Das Problem ist, dass solche Aussagen unwahr und Demagogie sind!

Objektiv ist das die Mehrheit! Sagt sogar diese Studie im Kleingedruckten.

Wo loest du das denn? Und wie viele sind das? Belege doch mal konkrete mit Zahlen und seriöser Quelle.

Ansonsten finde ich „gute Bekannte“ immer super. Die sind zuverlässig zur Stelle mit Empirie, wenn man sie braucht.

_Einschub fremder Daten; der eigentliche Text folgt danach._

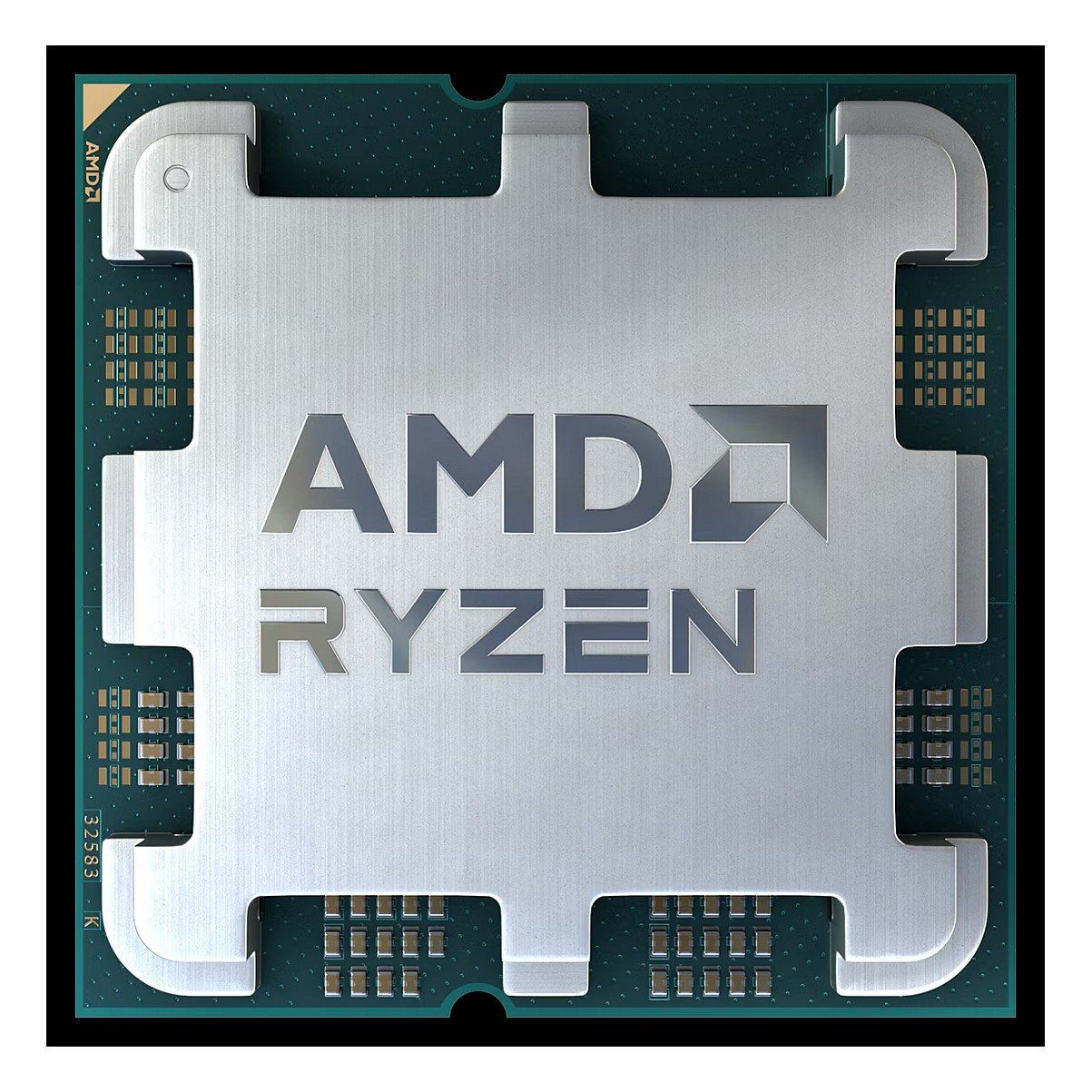 AMD Ryzen 5 7500F 6-Core 5.0GHz AM5 Tray Processor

Betrachten wir mal, welche Auslese da getroffen wird:

  • Nachgefragt wird einfache körperliche, für die keine Ausbildung gebraucht wird und für die wahrscheinlich der Mindestlohn gezahlt wird.
  • Es wird bei einer Stelle nachgefragt, die nicht dafür bekannt ist, qualifizierte Personen in adäquate Positionen zu vermitteln.
  • Dort werden vor allem arbeitsfähige Personen vermittelt, die schon länger arbeitssuchend gemeldet sind.

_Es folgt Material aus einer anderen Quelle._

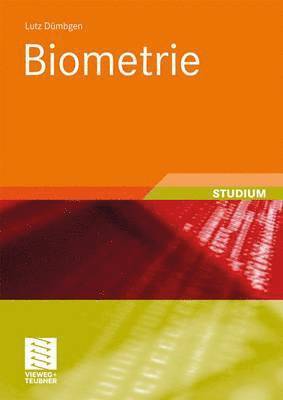 Biometrie 1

Eine vielleicht voreilige Schlussfolgerung auf Basis unvollständiger Information: das ist die typische Klientel für Schwarzarbeit. Niemand lebt gern dauerhaft von Bürgergeld - da können Merz, Lindner & Co. behaupten, was sie wollen. Wer längere Zeit von Bürgergeld lebt, macht das entweder, weil er keine bessere Alternative hat oder sich anderweitig „etwas hinzuverdient“.

Ich habe in den letzten 20 Jahren keinen einzigen Handwerker erlebt, der für einfache handwerkliche Arbeiten (also Hecke schneiden, Zaun setzen usw.) nicht von sich aus angeboten hätte, das „ohne Rechnung“ zu machen und gerade hier im „Neubauviertel“ waren anfänglich ganze Hundertschaften von Handwerkern an Wochenenden und spätabends in Gärten, Einfahrten und auf Stellplätzen tätig, die in der Nähe zuvor für die Stadt oder für Bauunternehmen tätig waren und so sich so - außerhalb ihrer eigentlichen Arbeitszeiten - schwarz „etwas hinzuverdienten“.

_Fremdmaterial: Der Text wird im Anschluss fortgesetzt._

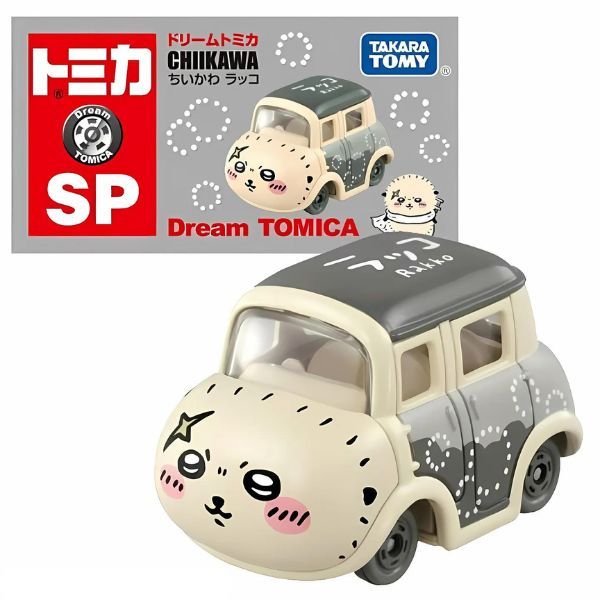  Dream Tomica SP Chiikawa Rakko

Kurz gesagt: ich kann mir sehr gut vorstellen, dass die vom Handwerkerkumpel angefragten Leute keinen Bock hatten, unregelmäßig und früh morgens zum Mindestlohn aufzulaufen, wenn sie die gleiche (oder mehr) Kohle schwarz planbar und zu angenehmeren Zeiten verdienen können. Zumindest noch, nachdem sie der AA ihre kurzfristige Willigkeit nachgewiesen hatten.

Die Mär vom faulen Arbeitslosen, der lieber zu Hause rumhängt und vom Bürgergeld in Saus und Braus, anstatt für Geld aufzustehen und zu arbeiten, glaube ich schon lange nicht mehr. Gegen diese Legende spricht auch die niedrige fünfstellige Zahl der Sanktionen, die bei Verstößen ja zwingend zu verhängen sind.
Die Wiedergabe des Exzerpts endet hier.